• **Problem description**
Tell me how many lines in the data below hold the string "Coffee", and say nothing else.

Records from a data source:
————

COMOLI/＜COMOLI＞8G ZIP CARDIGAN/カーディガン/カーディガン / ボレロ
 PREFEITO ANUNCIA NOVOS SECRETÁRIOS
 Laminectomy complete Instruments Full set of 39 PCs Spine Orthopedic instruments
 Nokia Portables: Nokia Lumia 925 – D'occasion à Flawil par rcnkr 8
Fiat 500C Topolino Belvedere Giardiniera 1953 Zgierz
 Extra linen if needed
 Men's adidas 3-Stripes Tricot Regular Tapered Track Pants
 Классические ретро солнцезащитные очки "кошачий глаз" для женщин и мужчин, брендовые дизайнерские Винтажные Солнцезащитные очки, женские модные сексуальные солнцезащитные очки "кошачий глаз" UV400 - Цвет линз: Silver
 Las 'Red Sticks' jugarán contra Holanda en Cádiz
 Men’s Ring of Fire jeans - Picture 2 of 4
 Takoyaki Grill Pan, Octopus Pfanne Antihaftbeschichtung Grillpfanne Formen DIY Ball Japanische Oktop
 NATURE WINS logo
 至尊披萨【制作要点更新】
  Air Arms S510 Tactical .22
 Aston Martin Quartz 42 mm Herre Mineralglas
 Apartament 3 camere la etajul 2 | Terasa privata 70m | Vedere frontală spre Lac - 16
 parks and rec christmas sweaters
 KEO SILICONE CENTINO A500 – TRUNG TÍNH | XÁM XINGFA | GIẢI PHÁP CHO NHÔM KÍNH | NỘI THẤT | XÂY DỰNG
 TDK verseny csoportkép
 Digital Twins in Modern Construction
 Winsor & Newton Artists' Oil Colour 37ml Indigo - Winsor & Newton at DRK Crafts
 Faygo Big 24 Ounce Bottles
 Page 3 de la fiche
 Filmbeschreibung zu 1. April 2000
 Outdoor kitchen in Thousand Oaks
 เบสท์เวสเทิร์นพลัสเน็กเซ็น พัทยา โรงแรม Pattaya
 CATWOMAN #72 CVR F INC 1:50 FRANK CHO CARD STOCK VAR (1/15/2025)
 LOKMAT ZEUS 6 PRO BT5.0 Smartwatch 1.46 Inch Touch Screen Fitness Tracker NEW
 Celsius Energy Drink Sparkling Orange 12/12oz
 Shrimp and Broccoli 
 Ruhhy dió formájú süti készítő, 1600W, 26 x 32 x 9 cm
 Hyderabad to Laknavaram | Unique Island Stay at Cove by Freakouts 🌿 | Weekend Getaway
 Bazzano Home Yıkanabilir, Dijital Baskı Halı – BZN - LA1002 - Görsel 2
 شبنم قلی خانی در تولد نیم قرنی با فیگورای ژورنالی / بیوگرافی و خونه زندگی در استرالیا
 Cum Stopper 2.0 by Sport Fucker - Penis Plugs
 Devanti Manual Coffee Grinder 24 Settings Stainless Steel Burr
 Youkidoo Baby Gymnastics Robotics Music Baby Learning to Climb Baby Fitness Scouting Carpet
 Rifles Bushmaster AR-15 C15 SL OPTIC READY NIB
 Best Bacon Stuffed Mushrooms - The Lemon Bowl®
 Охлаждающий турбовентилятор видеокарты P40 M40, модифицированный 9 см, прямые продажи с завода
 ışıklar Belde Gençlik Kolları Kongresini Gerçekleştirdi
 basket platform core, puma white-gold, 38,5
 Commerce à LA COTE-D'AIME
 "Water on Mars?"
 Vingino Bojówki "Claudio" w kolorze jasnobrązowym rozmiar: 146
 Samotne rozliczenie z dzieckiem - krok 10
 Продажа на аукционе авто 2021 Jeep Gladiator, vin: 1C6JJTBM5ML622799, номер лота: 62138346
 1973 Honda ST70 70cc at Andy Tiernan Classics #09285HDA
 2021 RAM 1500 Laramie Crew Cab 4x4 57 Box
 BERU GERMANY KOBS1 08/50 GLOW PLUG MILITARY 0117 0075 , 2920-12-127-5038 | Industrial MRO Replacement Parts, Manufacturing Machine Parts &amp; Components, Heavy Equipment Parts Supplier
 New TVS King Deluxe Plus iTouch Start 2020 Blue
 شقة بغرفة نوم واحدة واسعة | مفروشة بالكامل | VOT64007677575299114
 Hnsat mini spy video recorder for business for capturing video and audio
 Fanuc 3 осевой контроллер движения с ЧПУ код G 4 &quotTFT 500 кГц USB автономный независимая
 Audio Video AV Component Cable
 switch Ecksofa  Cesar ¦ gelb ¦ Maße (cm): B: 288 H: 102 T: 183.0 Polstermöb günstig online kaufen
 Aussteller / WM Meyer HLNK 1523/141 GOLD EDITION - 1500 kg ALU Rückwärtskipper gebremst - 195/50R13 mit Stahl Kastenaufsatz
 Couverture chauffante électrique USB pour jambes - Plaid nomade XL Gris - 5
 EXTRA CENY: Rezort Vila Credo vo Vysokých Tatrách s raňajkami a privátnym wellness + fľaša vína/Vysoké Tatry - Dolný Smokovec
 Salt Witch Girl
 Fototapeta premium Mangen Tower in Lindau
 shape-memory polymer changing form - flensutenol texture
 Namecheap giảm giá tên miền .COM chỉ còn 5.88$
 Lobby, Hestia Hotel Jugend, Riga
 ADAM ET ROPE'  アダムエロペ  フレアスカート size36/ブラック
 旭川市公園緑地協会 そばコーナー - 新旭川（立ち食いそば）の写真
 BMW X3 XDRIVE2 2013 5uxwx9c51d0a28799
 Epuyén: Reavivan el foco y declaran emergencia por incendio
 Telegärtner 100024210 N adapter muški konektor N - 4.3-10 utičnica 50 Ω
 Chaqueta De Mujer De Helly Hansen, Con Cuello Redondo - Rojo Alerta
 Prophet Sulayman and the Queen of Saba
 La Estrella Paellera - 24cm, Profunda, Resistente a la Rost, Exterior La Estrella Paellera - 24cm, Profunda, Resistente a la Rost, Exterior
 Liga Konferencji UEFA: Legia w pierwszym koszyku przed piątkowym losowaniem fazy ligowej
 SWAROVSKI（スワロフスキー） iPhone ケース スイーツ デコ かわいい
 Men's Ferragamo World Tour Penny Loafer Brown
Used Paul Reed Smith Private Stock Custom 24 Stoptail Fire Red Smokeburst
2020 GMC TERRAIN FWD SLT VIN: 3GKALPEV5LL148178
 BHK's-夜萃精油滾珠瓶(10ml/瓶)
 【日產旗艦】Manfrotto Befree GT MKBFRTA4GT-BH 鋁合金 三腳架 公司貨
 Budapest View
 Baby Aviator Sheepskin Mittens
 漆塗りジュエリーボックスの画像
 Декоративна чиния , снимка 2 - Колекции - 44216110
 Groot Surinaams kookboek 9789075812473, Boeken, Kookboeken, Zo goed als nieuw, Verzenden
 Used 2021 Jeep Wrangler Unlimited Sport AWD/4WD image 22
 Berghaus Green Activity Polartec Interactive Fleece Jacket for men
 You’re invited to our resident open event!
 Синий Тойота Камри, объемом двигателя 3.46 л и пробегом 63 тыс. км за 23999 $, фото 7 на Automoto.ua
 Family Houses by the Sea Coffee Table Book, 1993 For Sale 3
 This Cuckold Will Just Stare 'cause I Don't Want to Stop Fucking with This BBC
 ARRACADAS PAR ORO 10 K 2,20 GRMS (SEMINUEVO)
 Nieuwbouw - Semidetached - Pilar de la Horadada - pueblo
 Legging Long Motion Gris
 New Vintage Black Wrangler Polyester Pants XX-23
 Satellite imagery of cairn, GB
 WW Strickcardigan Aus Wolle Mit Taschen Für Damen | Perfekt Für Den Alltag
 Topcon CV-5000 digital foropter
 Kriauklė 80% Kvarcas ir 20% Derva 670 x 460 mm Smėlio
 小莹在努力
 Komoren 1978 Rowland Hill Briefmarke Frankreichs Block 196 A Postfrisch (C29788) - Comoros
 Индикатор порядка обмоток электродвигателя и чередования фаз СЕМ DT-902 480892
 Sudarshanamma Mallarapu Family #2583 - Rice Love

————

• **Response for this exercise**
2